● What you will do
All lines below must be repeated exactly, with the pictures omitted.

───── Supplied material ─────

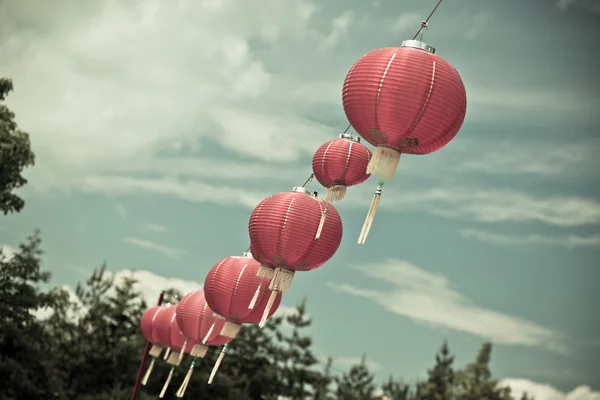 Lanternes en papier rouge chinois — Photo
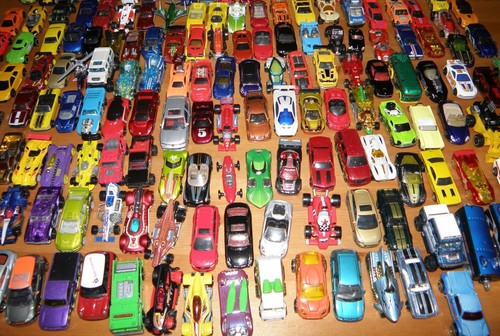 Kiste Spielzeugautos Konvolut Autos Hot Wheels Siku Matchbox Hotwheels 1kg - Bild 8 von 12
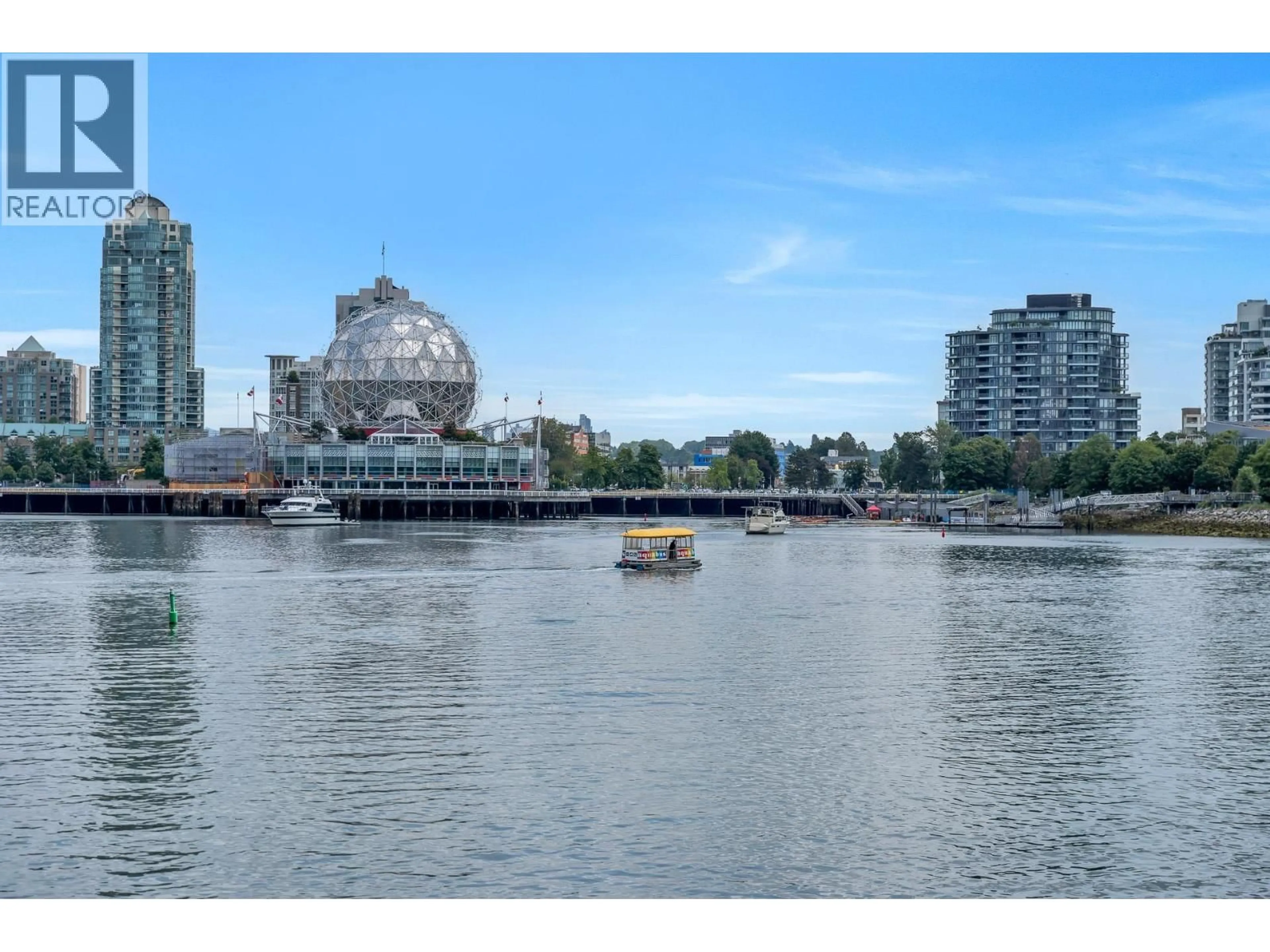 Blurry image for 2007 - 918 COOPERAGE WAY, Vancouver British Columbia V6B0A7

─────

● Response
 Lanternes en papier rouge chinois — Photo
 Kiste Spielzeugautos Konvolut Autos Hot Wheels Siku Matchbox Hotwheels 1kg - Bild 8 von 12
 Blurry image for 2007 - 918 COOPERAGE WAY, Vancouver British Columbia V6B0A7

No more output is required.